[Opening DATA section]

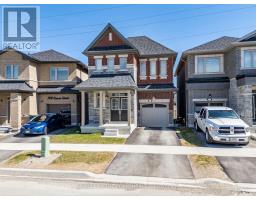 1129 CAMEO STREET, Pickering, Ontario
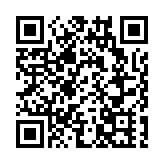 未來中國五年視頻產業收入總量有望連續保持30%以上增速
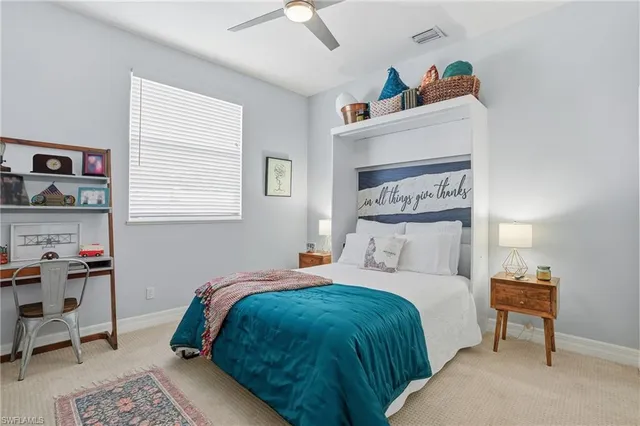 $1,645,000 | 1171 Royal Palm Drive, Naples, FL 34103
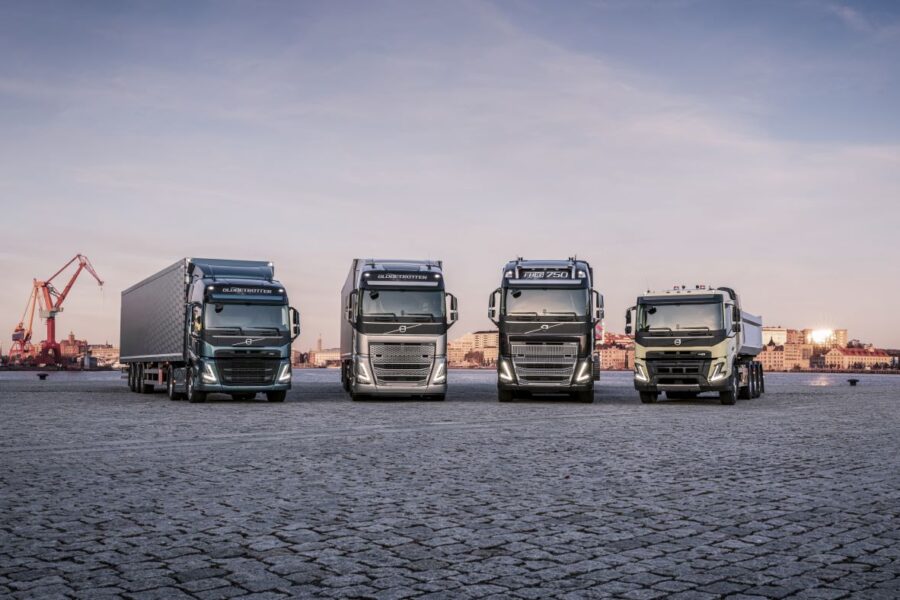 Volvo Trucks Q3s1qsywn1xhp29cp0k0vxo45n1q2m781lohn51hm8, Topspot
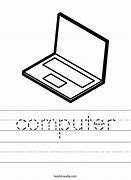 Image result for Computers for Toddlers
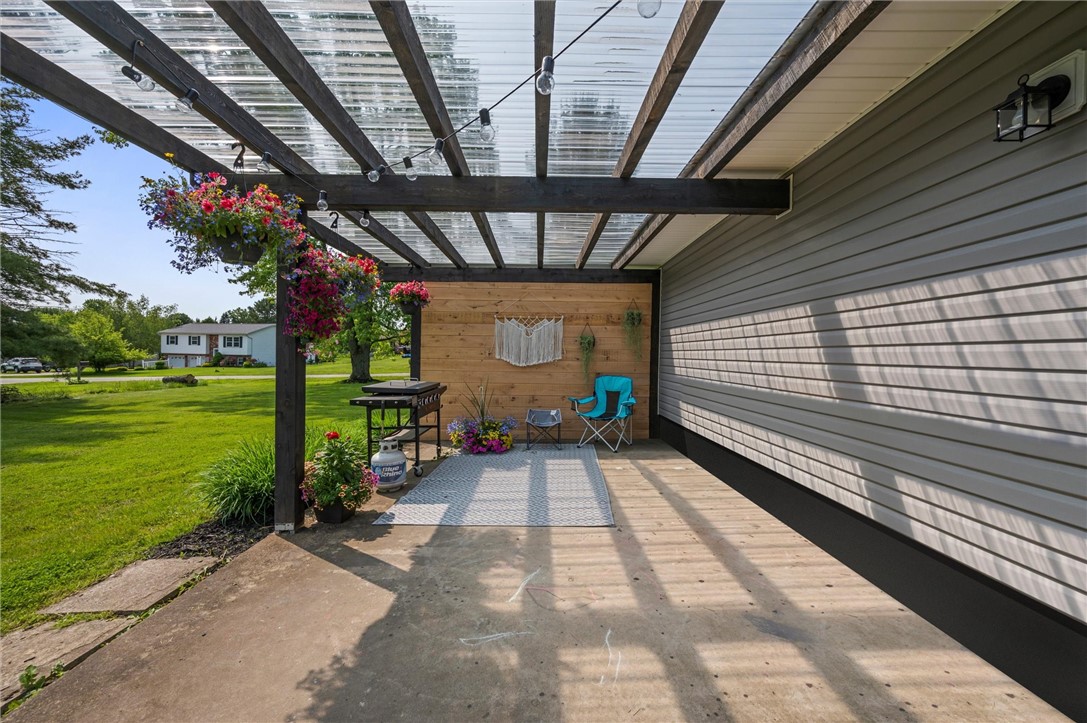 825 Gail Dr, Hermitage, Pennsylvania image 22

[Closing DATA section]

**TASK:** Using the records above, output their complete text exactly, minus any images.

**RESULT OF THE EXERCISE:**
 1129 CAMEO STREET, Pickering, Ontario
 未來中國五年視頻產業收入總量有望連續保持30%以上增速
 $1,645,000 | 1171 Royal Palm Drive, Naples, FL 34103
 Volvo Trucks Q3s1qsywn1xhp29cp0k0vxo45n1q2m781lohn51hm8, Topspot
 Image result for Computers for Toddlers
 825 Gail Dr, Hermitage, Pennsylvania image 22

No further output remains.